Er zijn steeds meer verhalen van klagende buurtbewoners die het gehad hebben met de dronken, luidruchtige toeristen. Ook zou Airbnb ervoor zorgen dat er minder koopwoningen beschikbaar zijn – en de huizenmarkt in steden als Amsterdam is al ongelooflijk krap.
Rechterlijke uitspraak over vakantieverhuur
Het stadsbestuur denkt al langer na over maatregelen en voelt zich gesterkt door een recente rechterlijke uitspraak over vakantieverhuur. In die zaak oordeelde de rechter dat tijdelijke vakantieverhuur een vorm is van woningonttrekking, het verkleinen van de woningvoorraad van de stad, en dat mag niet zomaar.

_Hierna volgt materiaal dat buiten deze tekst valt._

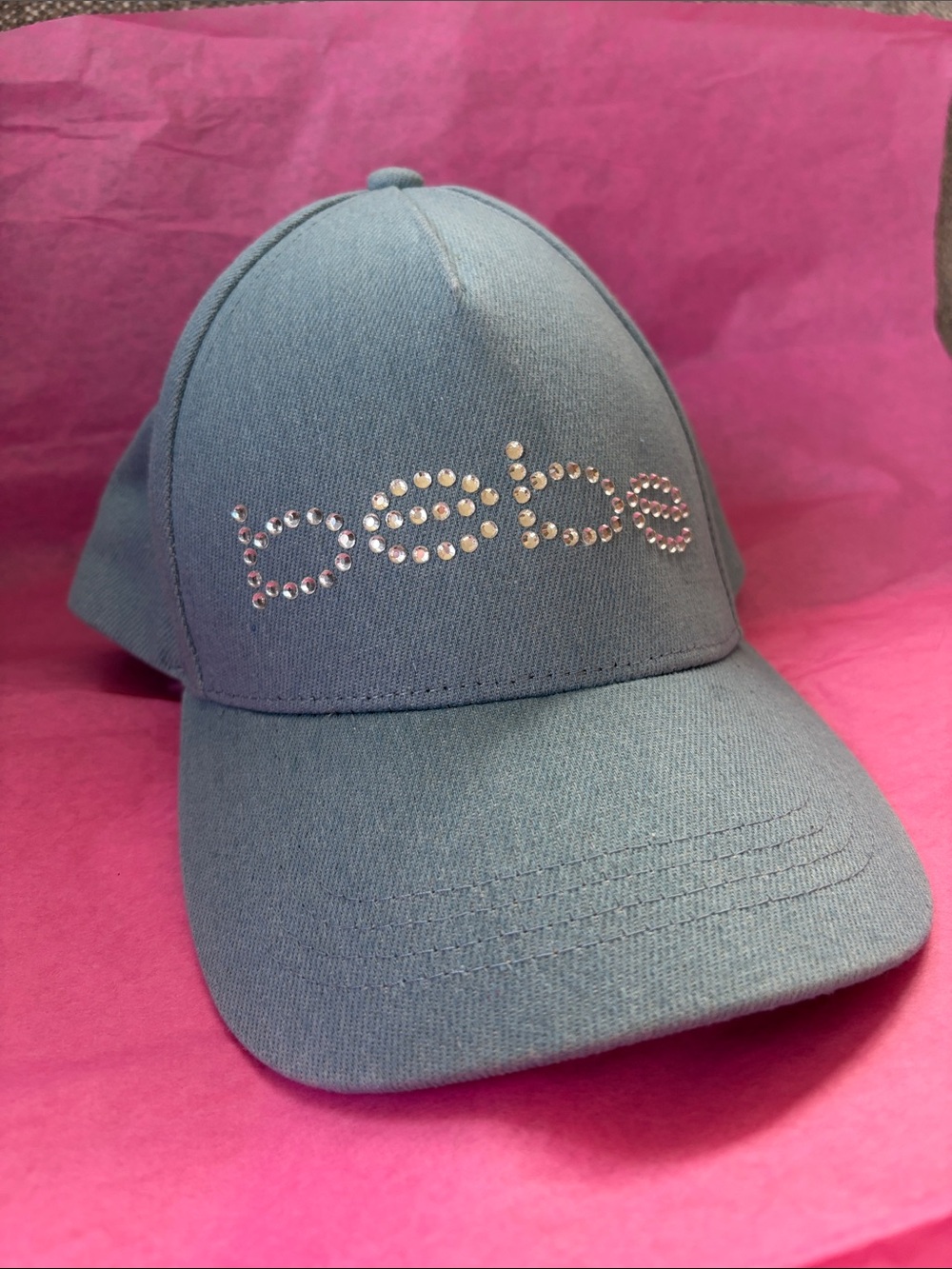 bebe Light Blue Rhinestone Logo Baseball Cap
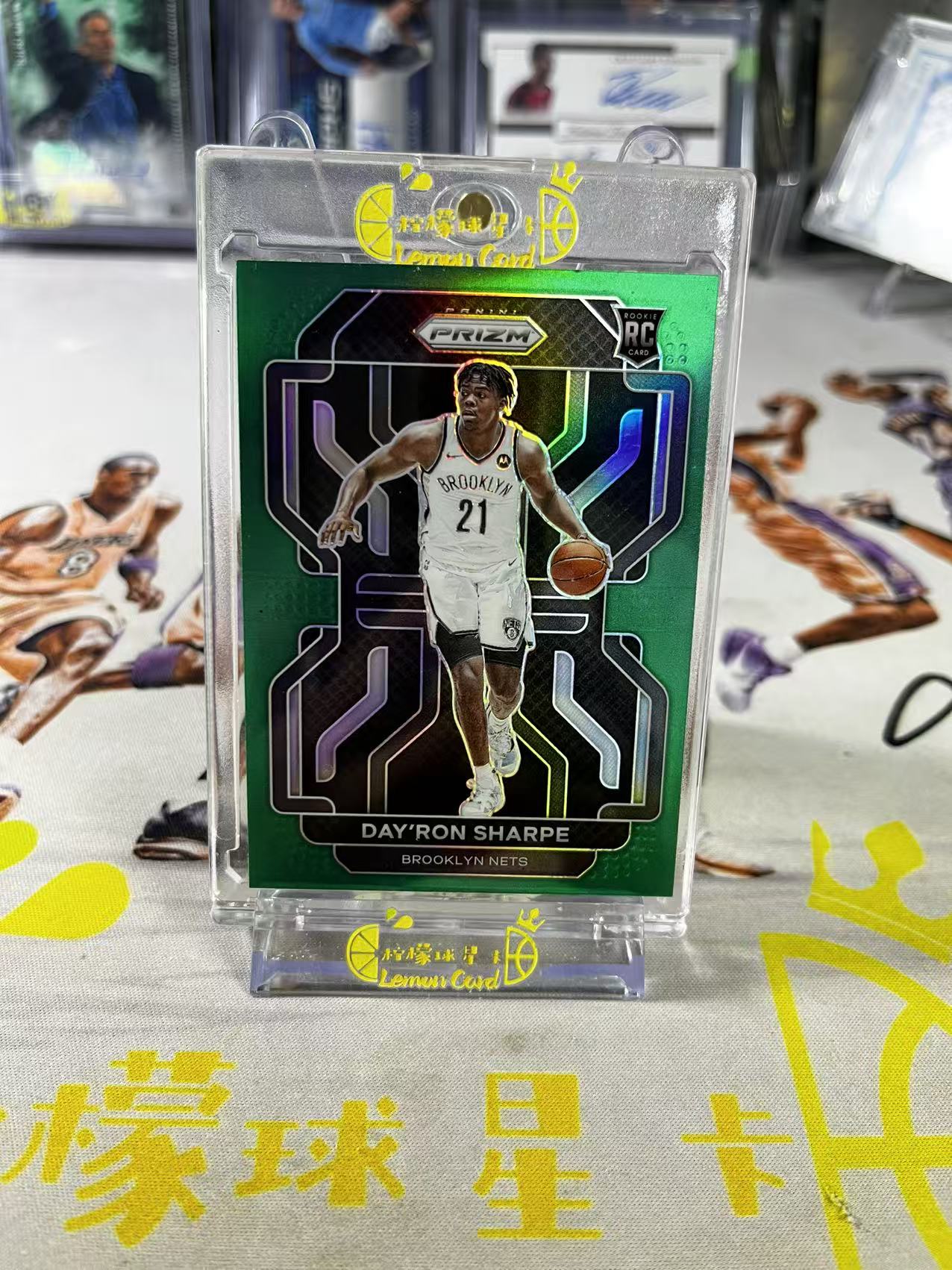 2021-22 Panini Prizm DayRon Sharpe 【柠檬球星卡拍卖】篮网 戴龙 夏普 新秀 RC 绿折 折射 pz 微瑕如图 #不语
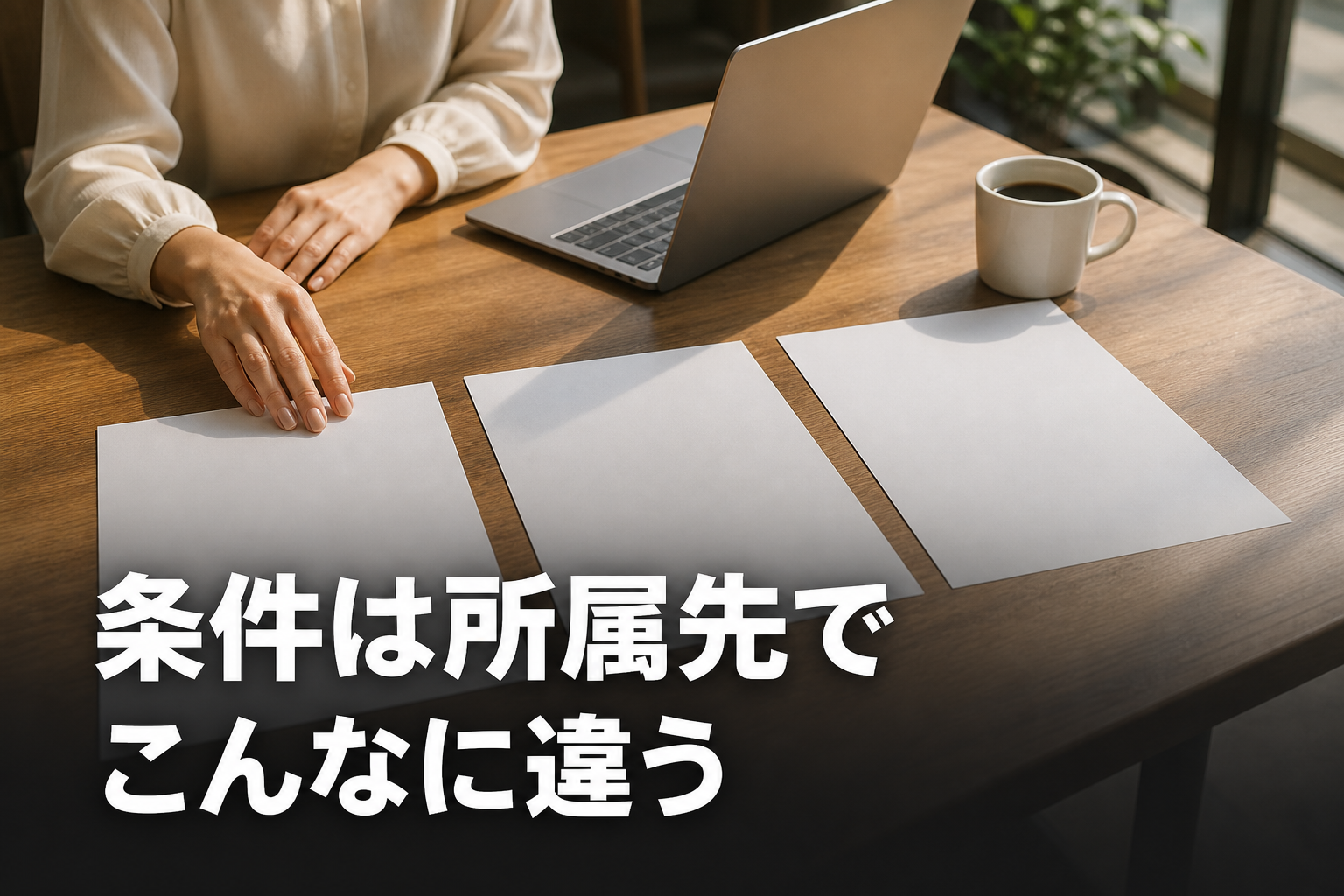 カフェのテーブルでノートを並べて条件を見比べている手元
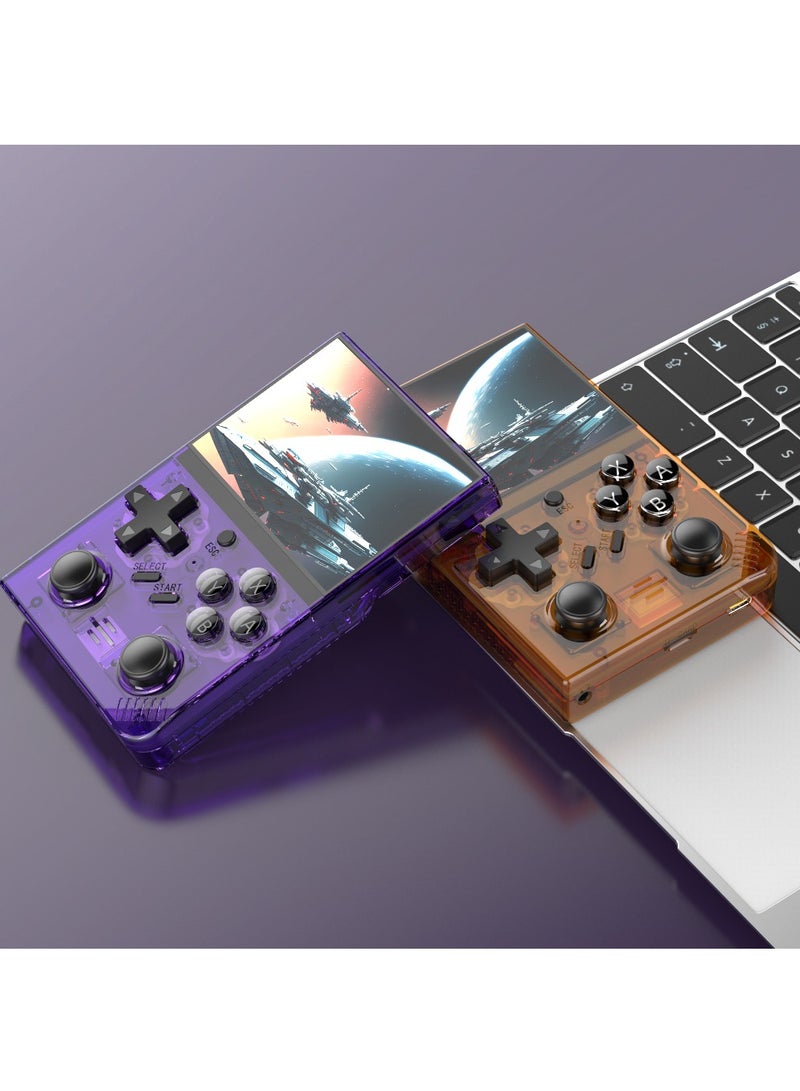 RS35 plus Handheld Game Console – 3.5 IPS Screen Linux EmuELEC System Retro Game Player with 20000+ Classic Games 64G TF Card (Purple) - Image 5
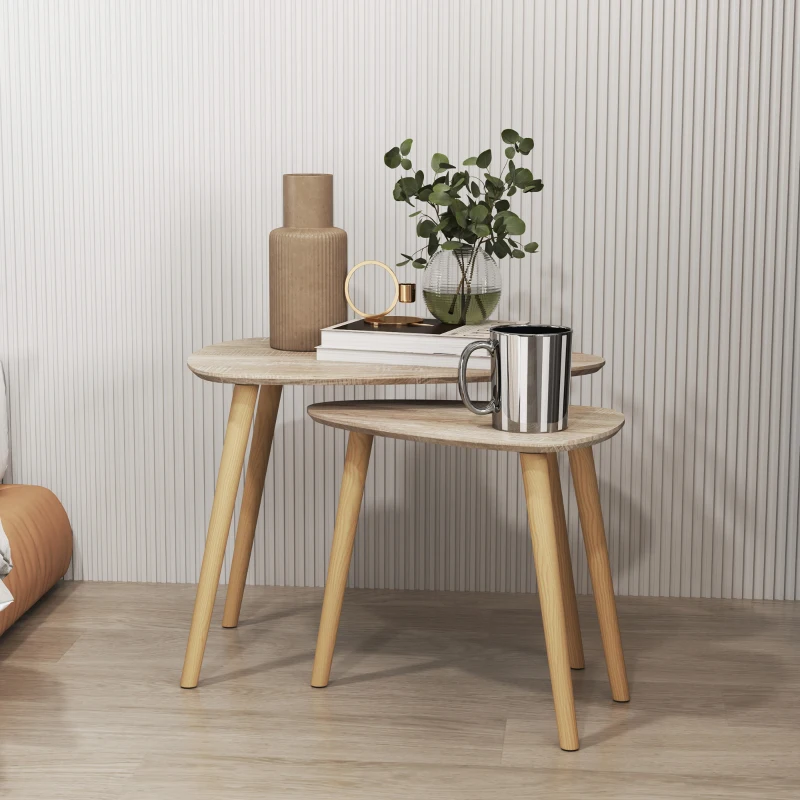 HOMCOM Lot de 2 tables basses gigognes design scandinave pieds en bois et plateau en bois, aspect naturel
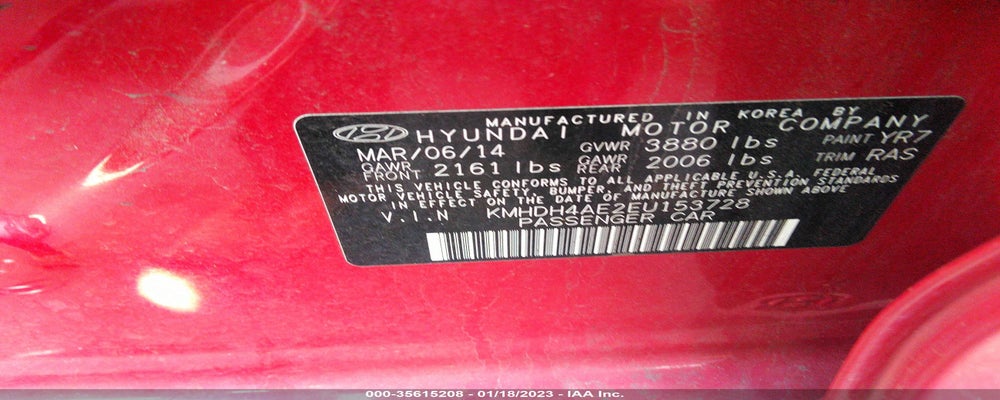 KMHDH4AE2EU153728 2014 HYUNDAI ELANTRA photo no. 9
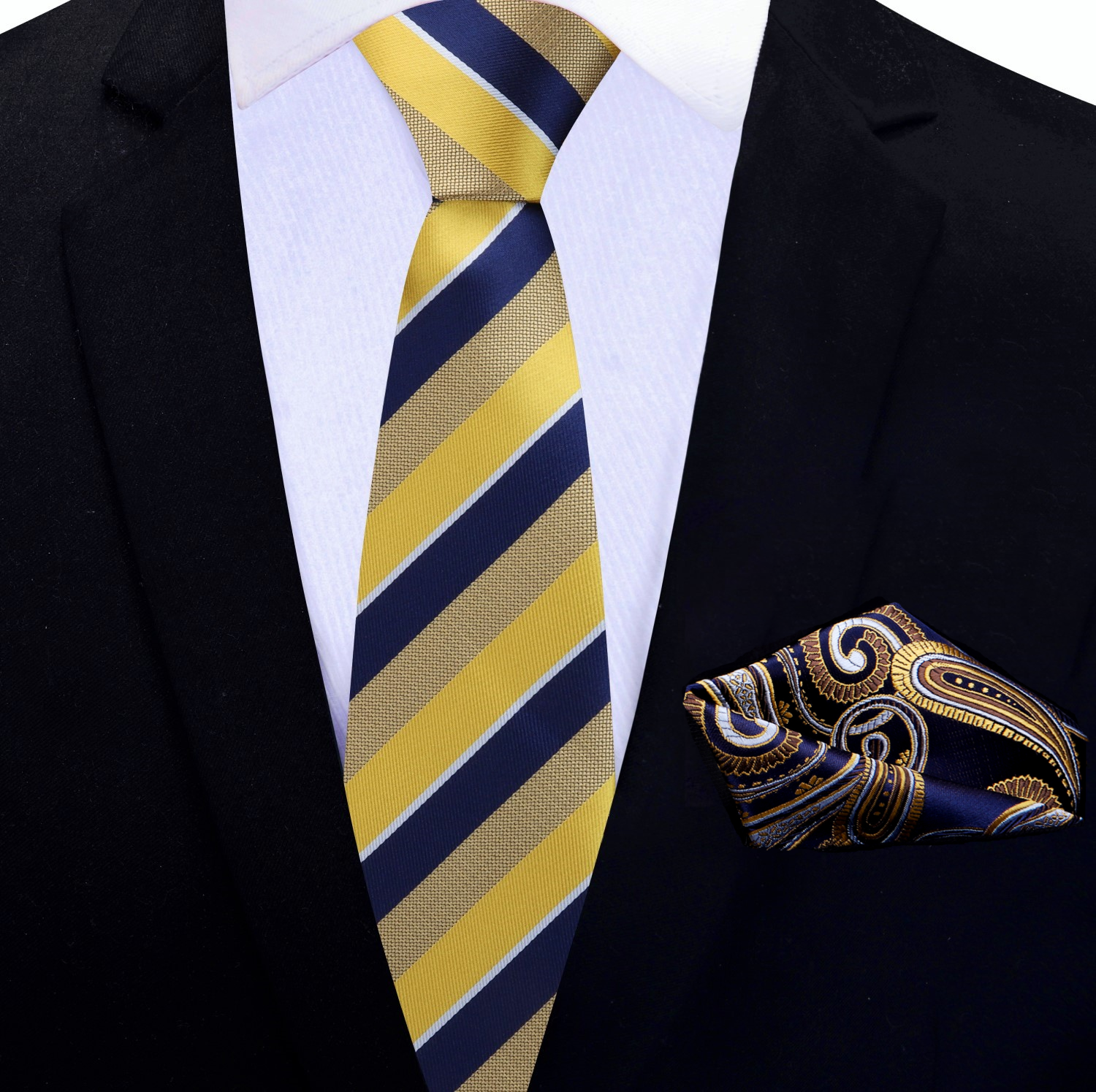 Matching pocket square and silk tie set styled with a suit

Aan de andere kant wordt aan vakantieverhuur geld verdiend, zowel door de verhuurders zelf als door de plaatselijke ondernemingen waar toeristen hun geld uitgeven, zoals de horeca.
Uit onderzoek in opdracht van de gemeente bleek eerder dat de 'bezoekerseconomie' jaarlijkse 224 miljoen euro oplevert en 76 miljoen euro kost aan zaken als handhaving en reiniging. Wie zijn woning verhuurt, moet dat melden aan de gemeente.
Airbnb becijferde eind vorig jaar dat inperking naar dertig dagen ervoor zorgt dat gastheren en -vrouwen jaarlijks 12 miljoen euro mislopen en plaatselijke ondernemingen 31 miljoen euro.